Next Stop: Santa Fe
Courtesey of nmrailrunner.com
When you step off the Rail Runner at the Santa Fe Railyard, what awaits at the end of the line?
A short walk away, art galleries and retail stores are the meat and potatoes of the Railyard District. Restaurants with New Mexican, Italian and American fare compete for visitors' dollars as well.

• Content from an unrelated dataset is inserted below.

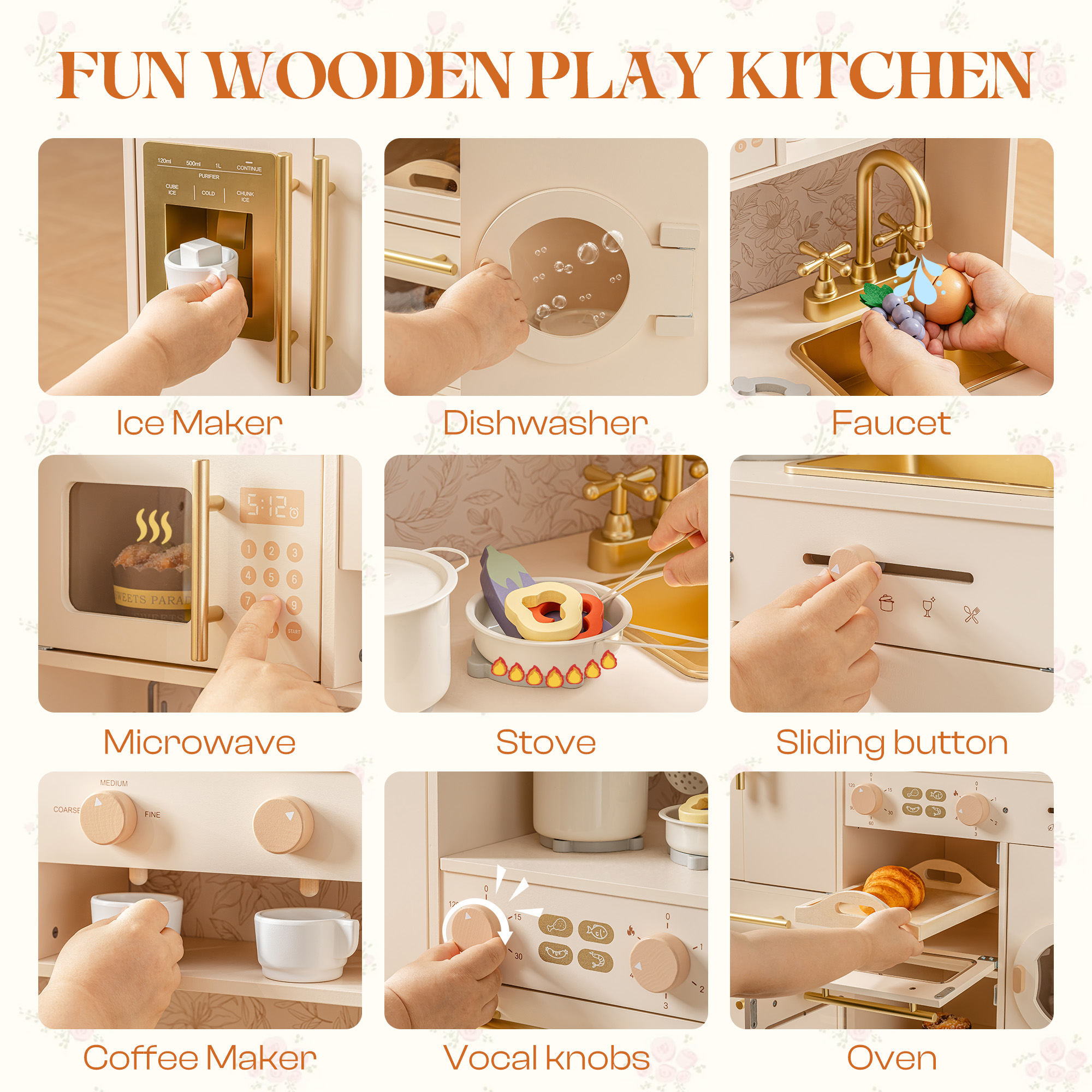 ROBUD Holzküche mit Blumenmuster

SITE Santa Fe and Warehouse 21 round out in the neighborhood, and the Plaza is a short trek from the train stop.
Coyote’s Paw Gallery co-owner Ann Lehman says mom-and-pop stores, and not big chains, should be the ones benefiting most from the Rail Runner. “I would hope that they keep the unique quality of the neighborhood,” Lehman says. “If more businesses come in, I’d like to see that they be small businesses that are locally owned.”
REI is so far the only major chain taking up residence in the Railyard.
If more businesses come in, I’d like to see that they be small businesses that are locally owned.
Ann Lehman, co-owner of Coyote’s Paw Gallery
The business owners the Alibi spoke with say they’re pleased the Rail Runner is coming to Santa Fe. But grumblings have surfaced about the train’s schedule, which may cater to commuters more than tourists. Tague says he hopes more midday trains will eventually get penciled in. “Tourists wanting to travel to Santa Fe are generally going to be traveling during the day,” Tague says. “I’ve heard a lot of negative remarks about the lack of trains during that time.”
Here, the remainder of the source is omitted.